DATA EXTRACTS —
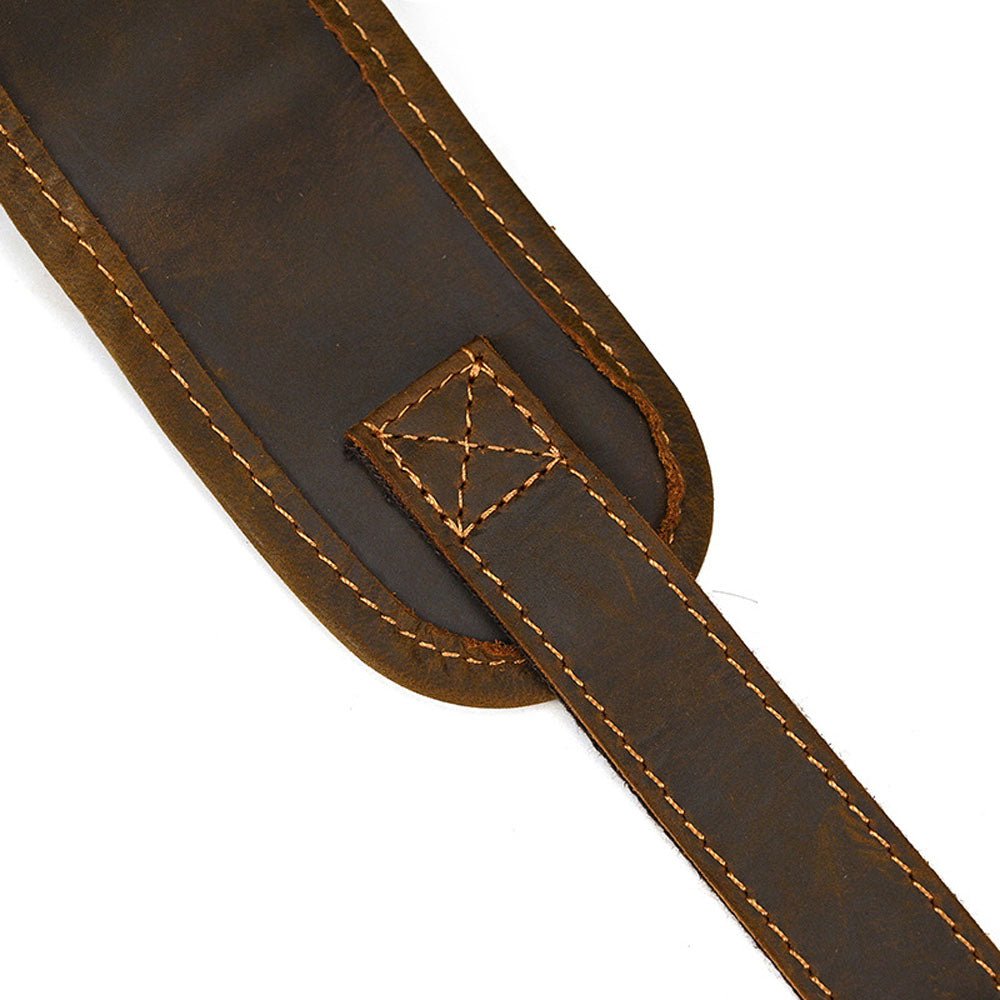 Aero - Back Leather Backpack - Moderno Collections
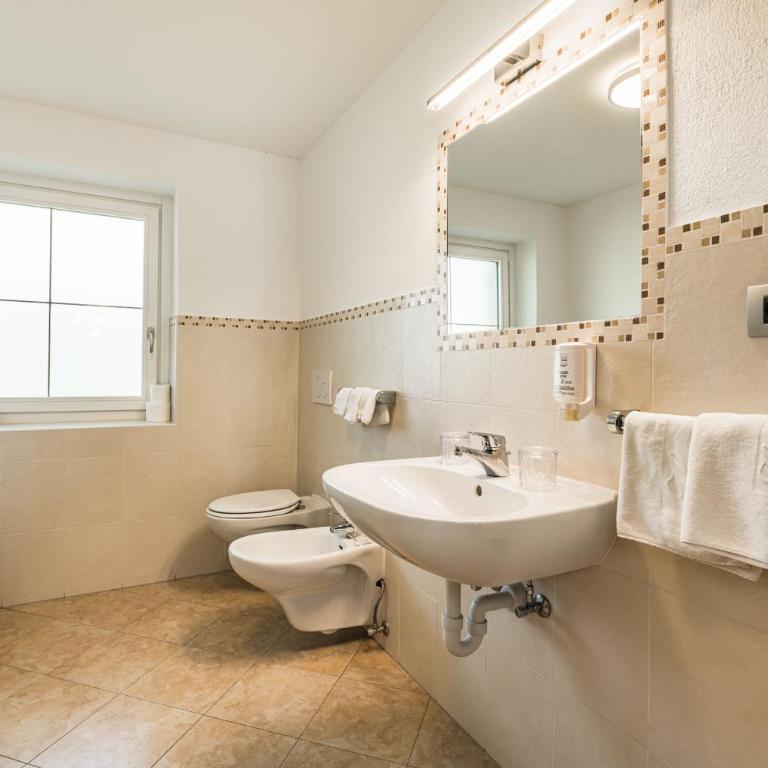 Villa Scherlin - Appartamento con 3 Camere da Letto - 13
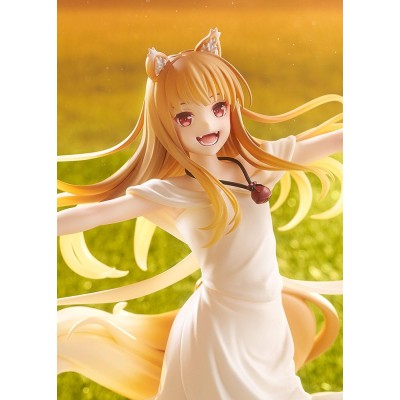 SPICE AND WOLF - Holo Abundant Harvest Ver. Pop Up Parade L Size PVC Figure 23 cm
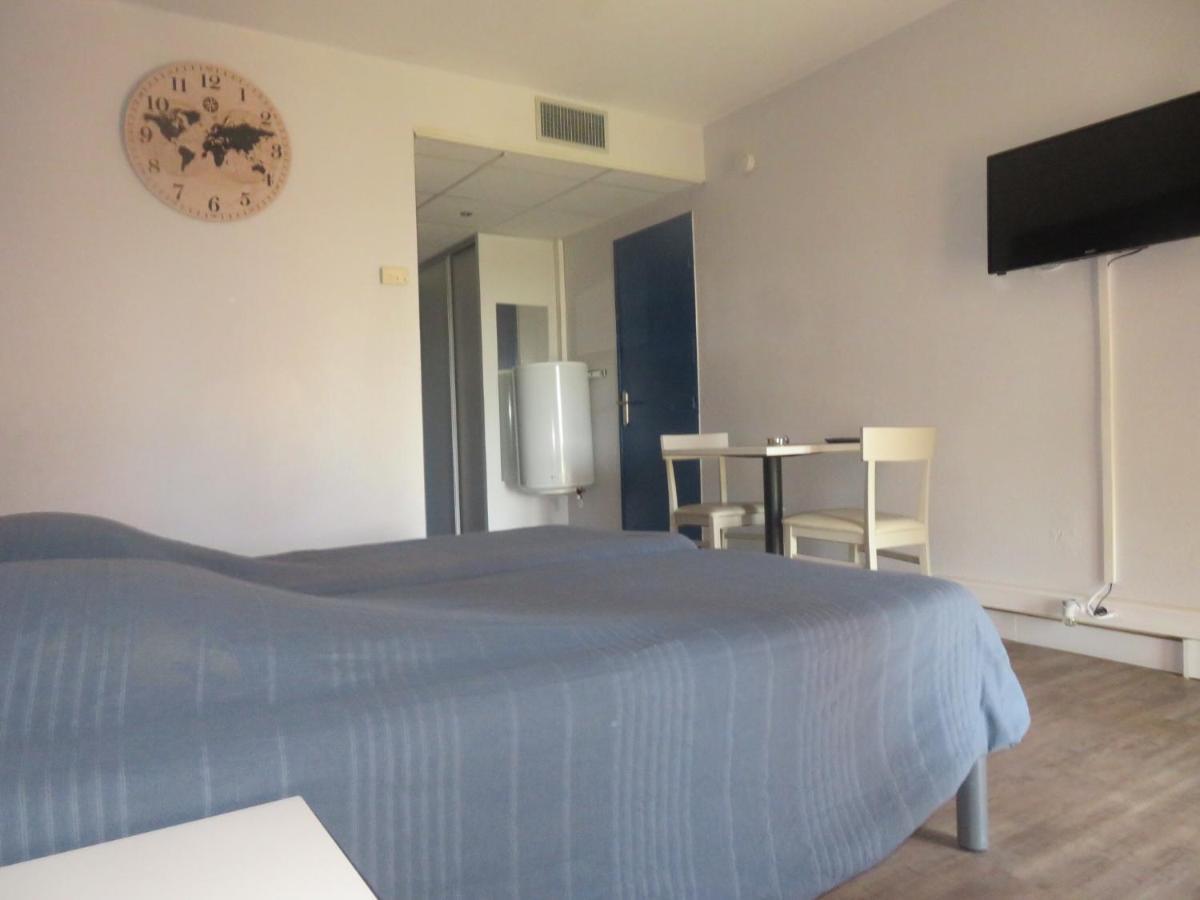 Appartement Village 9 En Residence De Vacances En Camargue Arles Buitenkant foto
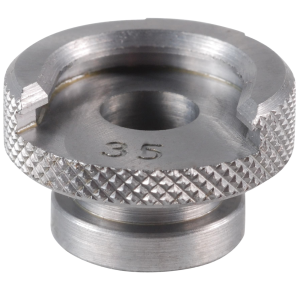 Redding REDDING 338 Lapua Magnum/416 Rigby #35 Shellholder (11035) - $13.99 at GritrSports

WHAT NEEDS TO BE DONE — Without any pictures, output exactly the lines from the start of the material through the line that contains "SPICE AND WOLF", and only those.

RESPONSE AREA —
 Aero - Back Leather Backpack - Moderno Collections
 Villa Scherlin - Appartamento con 3 Camere da Letto - 13
 SPICE AND WOLF - Holo Abundant Harvest Ver. Pop Up Parade L Size PVC Figure 23 cm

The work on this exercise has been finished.